**** Source material ****

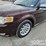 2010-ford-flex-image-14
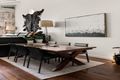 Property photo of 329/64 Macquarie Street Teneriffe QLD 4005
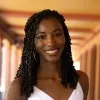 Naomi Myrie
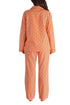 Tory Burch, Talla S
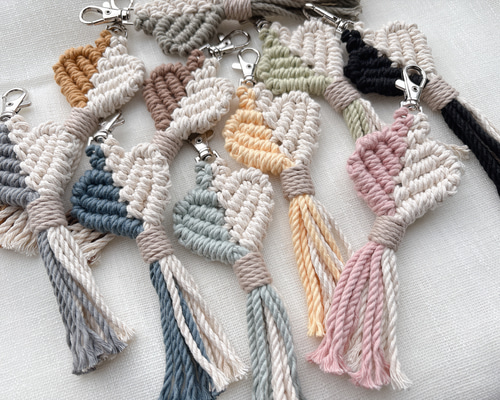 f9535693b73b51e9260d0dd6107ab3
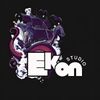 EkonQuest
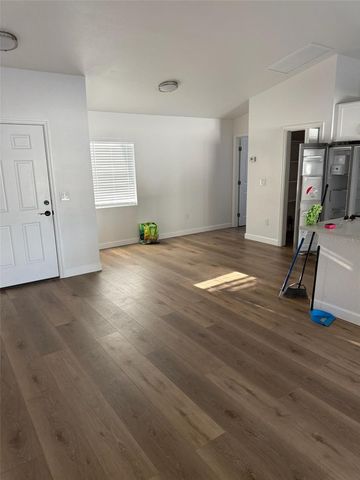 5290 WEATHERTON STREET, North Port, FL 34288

****
**** Source material ****

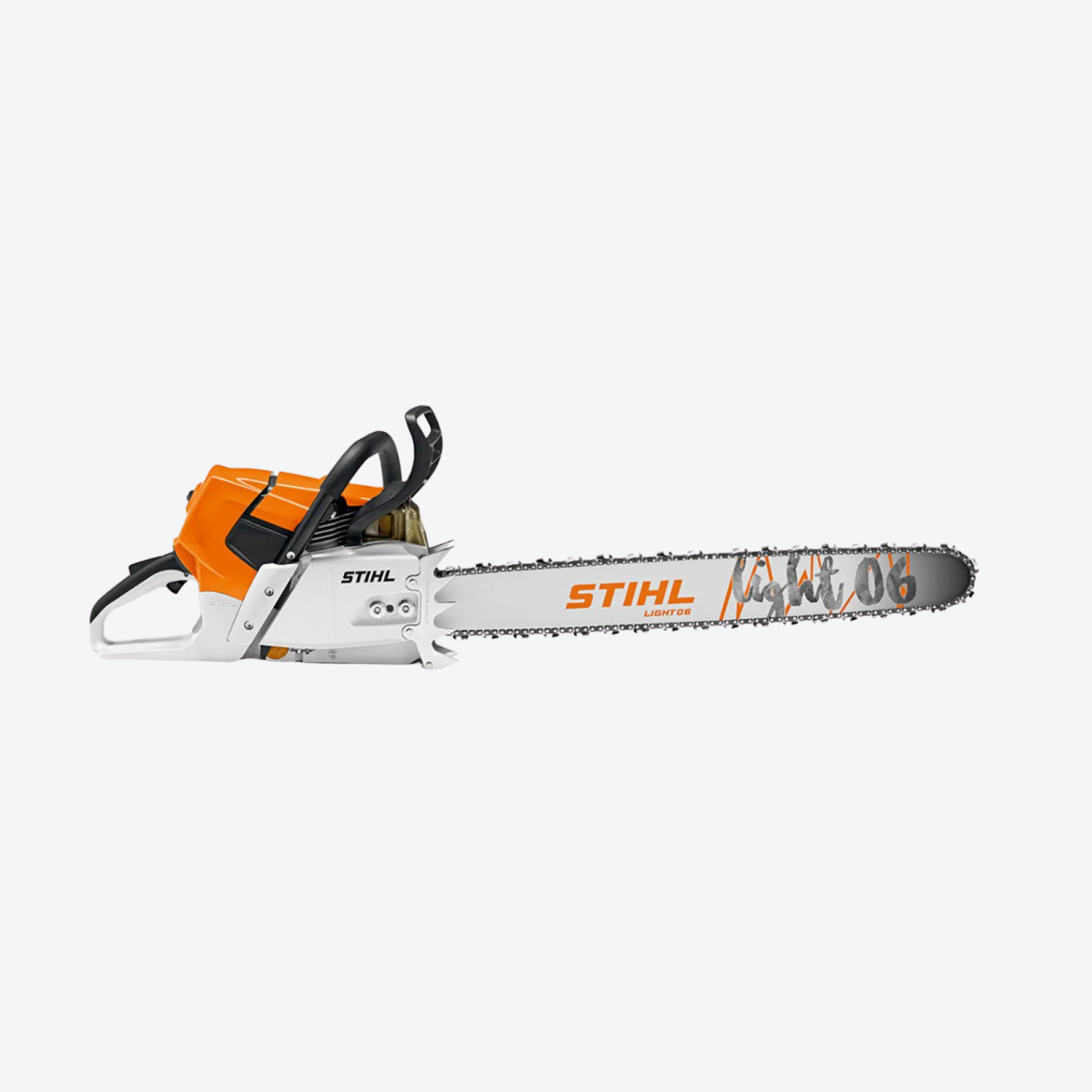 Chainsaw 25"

****

§ Your goal: From the records above, copy only the lines running from the line containing "Naomi Myrie" to the line containing "5290 WEATHERTON STREET, North Port, FL 34288", both ends included. Leave the pictures out.

§ Solution to the problem:
 Naomi Myrie
 Tory Burch, Talla S
 f9535693b73b51e9260d0dd6107ab3
 EkonQuest
 5290 WEATHERTON STREET, North Port, FL 34288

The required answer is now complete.